= Robert Schifreen =

British computer security consultant (born 1963)

Robert Jonathan Schifreen (born October 1963) is a former UK-based computer hacker and magazine editor, and the founder of IT security awareness training programme SecuritySmart.co.uk. He was the first person charged with illegally accessing a computer system, but was acquitted because there was no such specific criminal offence at the time. Later in life he became a computer security consultant, speaking at many conferences on information security and training banks, large companies and universities in the UK on IT security. In 2014 he began developing the software on which SecuritySmart runs from scratch which reached completion and product launch in June 2016.

==Trial==
He was arrested in 1985 for hacking into a British Telecom computer and accessing the Telecom Gold emails of Prince Philip.

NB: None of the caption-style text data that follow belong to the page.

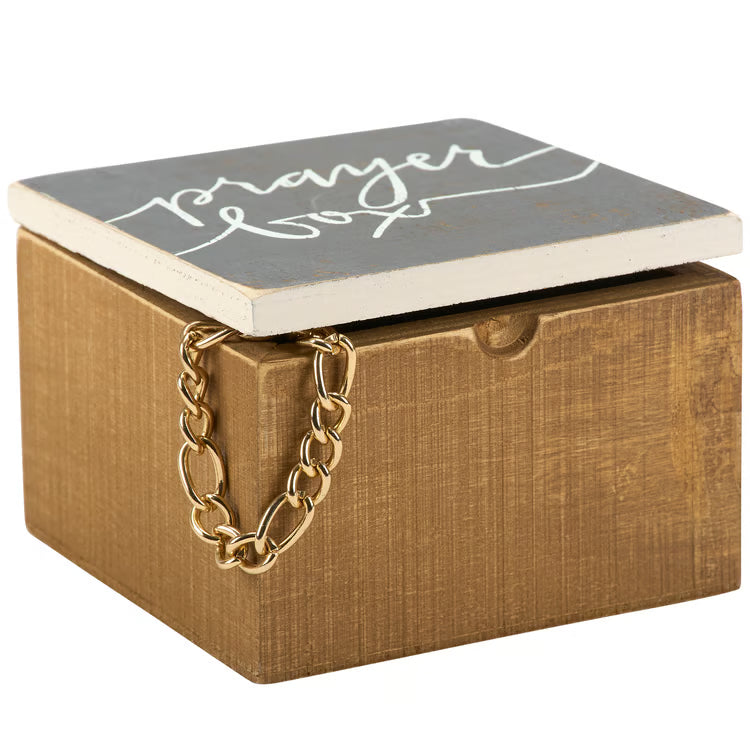 Prayer Box Hinged Box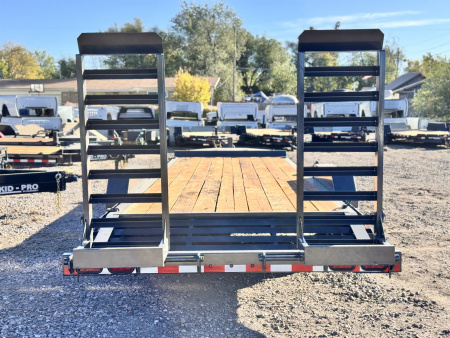 New 2026 Diamond T 7-HD24 SKID-PRO Equipment Hauler 15K GVWR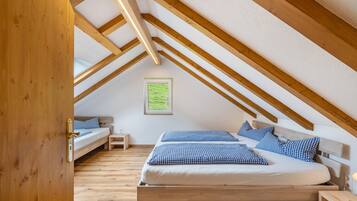 2 Schlafzimmer, kostenloses WLAN, Bettwäsche
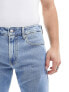 Calvin Klein Jeans slim taper jeans in light wash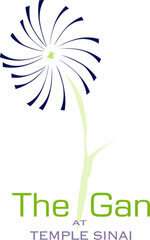 The Gan At Temple Sinai Logo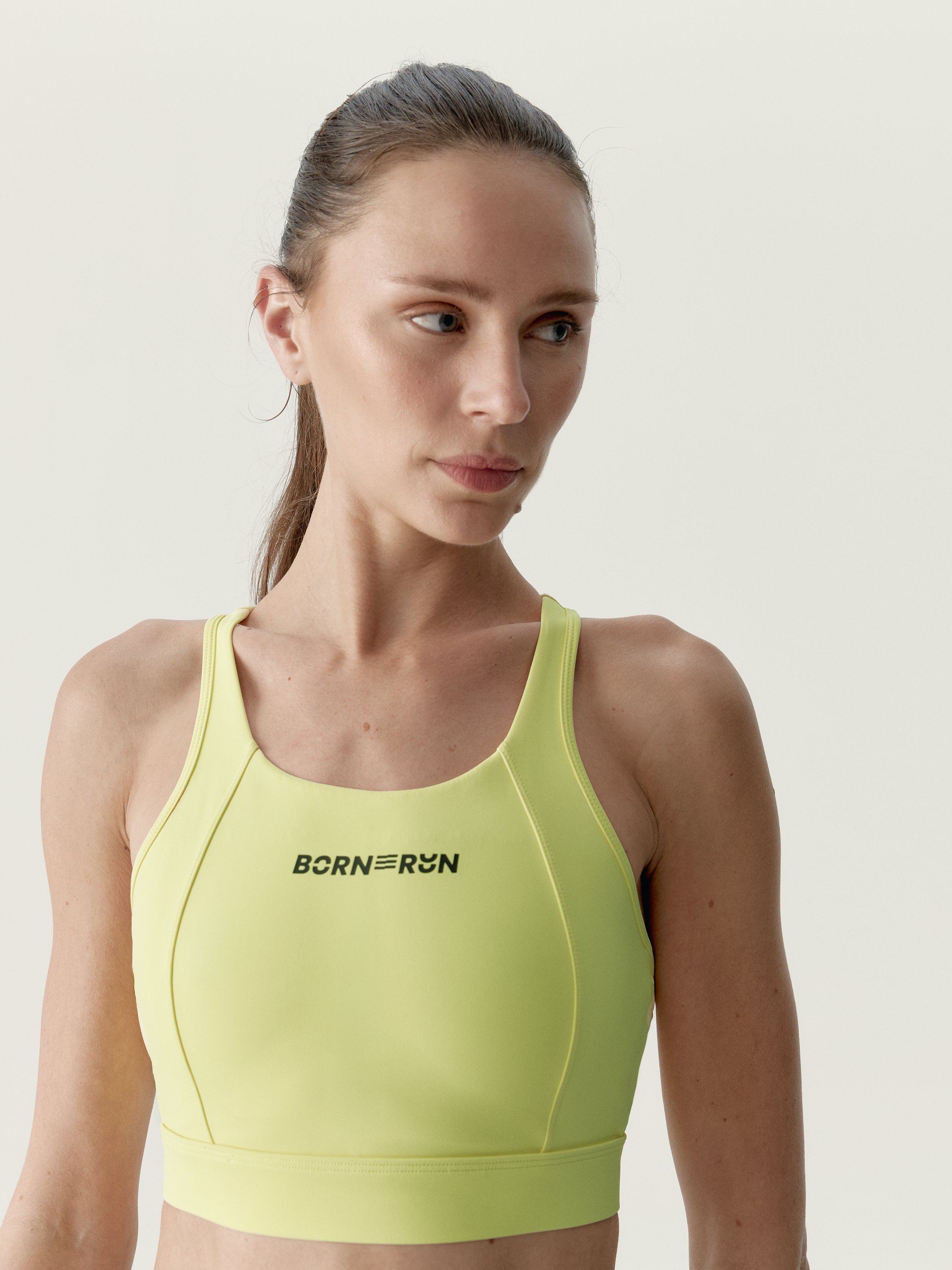 High-impact sports bra VOLTRUN BORN Yellow
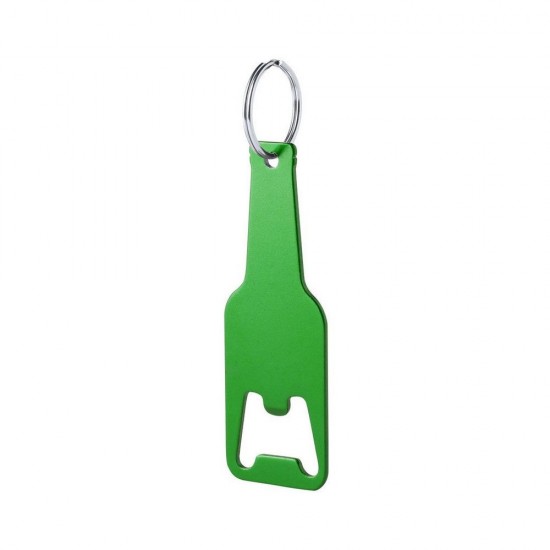 Брелок, відкривачка для пляшок зелений - V9971-06
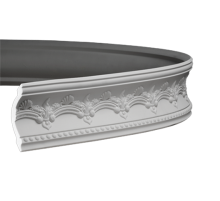 потолочный плинтус с орнаментом 1.50.183 гибкий в Казани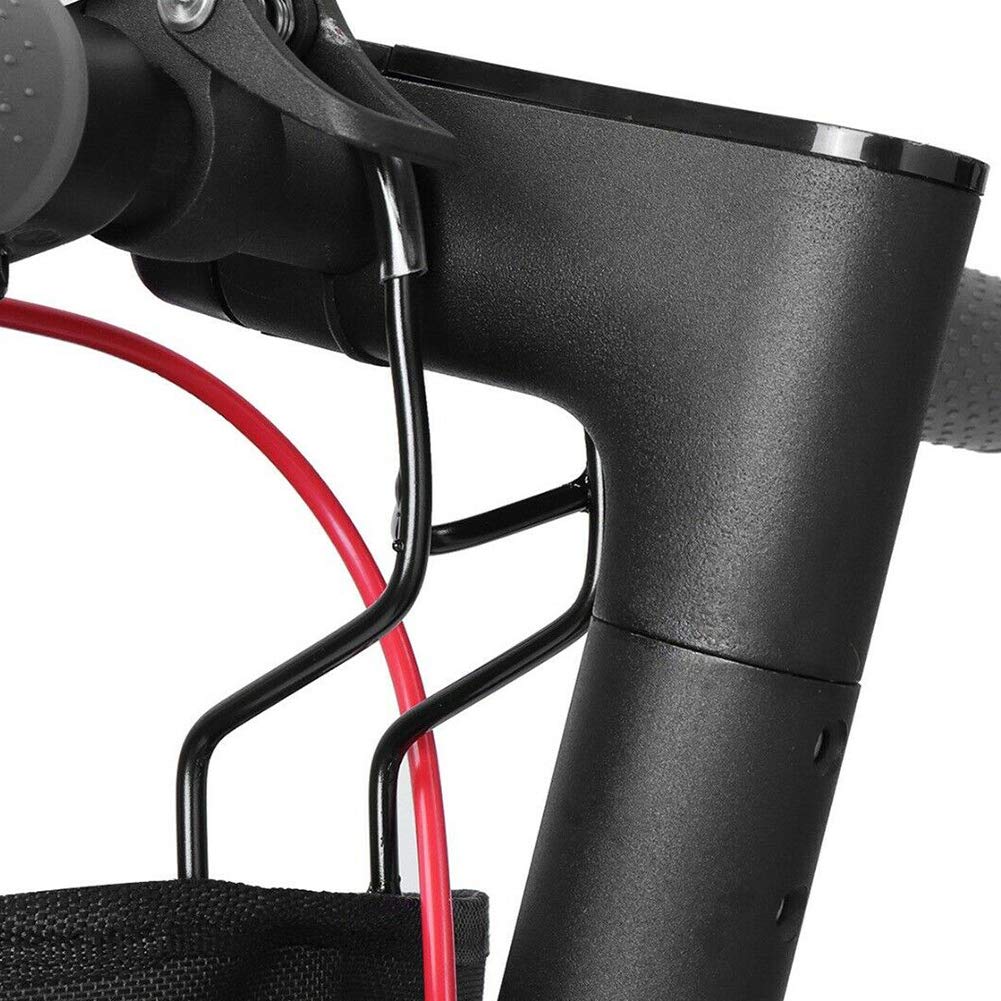 WOOPOWER Front Carrying Bag Basket for Electric Scooter Soft Tiller Basket Storage Hanging Pouch Front Carry Organizer for Most Scooter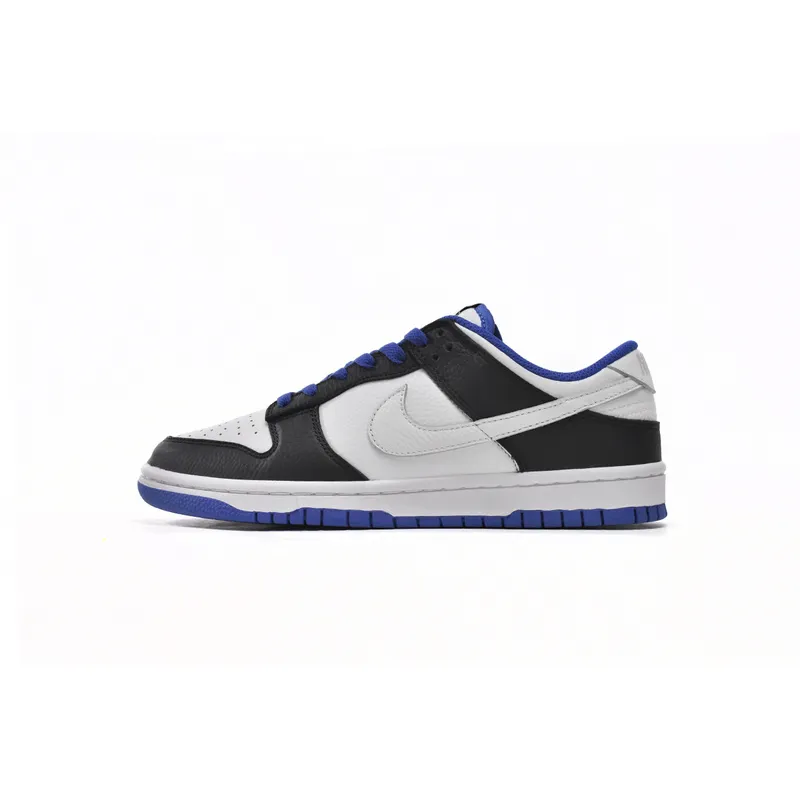 SX Nike Dunk Low White Black Royal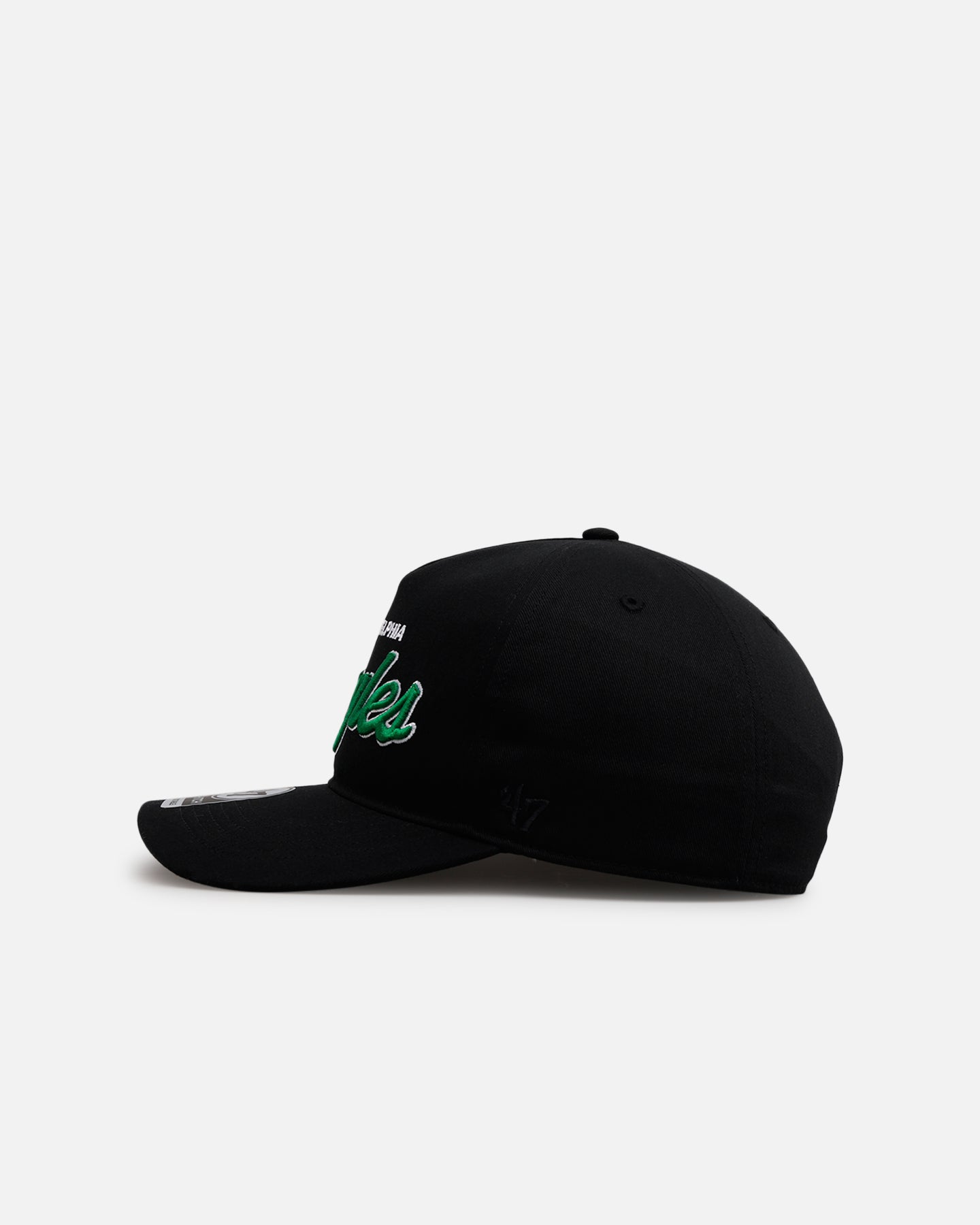 47 Brand Philadelphia Eagles 'Black Dome Script' 47 Hitch Snapback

As there was no specific law against hacking at this time, in June 1985 he became (together with his co-defendant, Steve Gold) one of the first two people to be charged under section 1 of the Forgery and Counterfeiting Act 1981 with forgery which deceived a non-human target. When the case came to trial in April 1986, Schifreen was said to have used an unprotected top level account identified as "2222222222" with a password of "1234"; Schifreen was said to have admitted obtaining user passwords but denied doing so for personal gain and said that his activities prompted Prestel to increase security. On 24 April 1986 Schifreen was convicted on six counts of forgery and fined £750.

==Appeal==
Schifreen's appeal to the Court of Appeal was heard by three judges including the Lord Chief Justice, Lord Lane; judgment was given on 21 July 1987, and found that the use of a charge of forgery was inappropriate and that an application that the charges should be dismissed as giving no case to answer should succeed. The judgment expressed the hope that "the Procrustean attempt to force the facts into the language of an Act not designed to fit them" would not be repeated.

==Law Lords==
The Crown then appealed to the House of Lords (R v Gold and Schifreen [HL 21 Apr 1988]), but the appeal was turned down in April 1988. The Law Lords agreed that the "making of a false instrument", a key part of proving a forgery case, revolved around the production of a "memory segment" with false information; as the computer had created this rather than Schifreen himself, the computer had effectively "forged itself". This case led to introduction of the Computer Misuse Act 1990.

==Later life==
After his acquittal, Schifreen had to take a judicial review action against the police for the return of his computers. For some years, Schifreen was the editor of .EXE Magazine, a magazine for programmers. 'hex', his online name (shortened from the punning 'hex maniac'), was an active CIX participant from the late 1980s, at a time when online communities were still a novelty.

Schifreen now lives in East Sussex working as an IT security trainer and web developer at the University of Brighton and runs an IT security consultancy. He regularly speaks at conferences and writes articles for the computer press and other publications. In 2006, John Wiley & Sons published his book, Defeating the Hacker.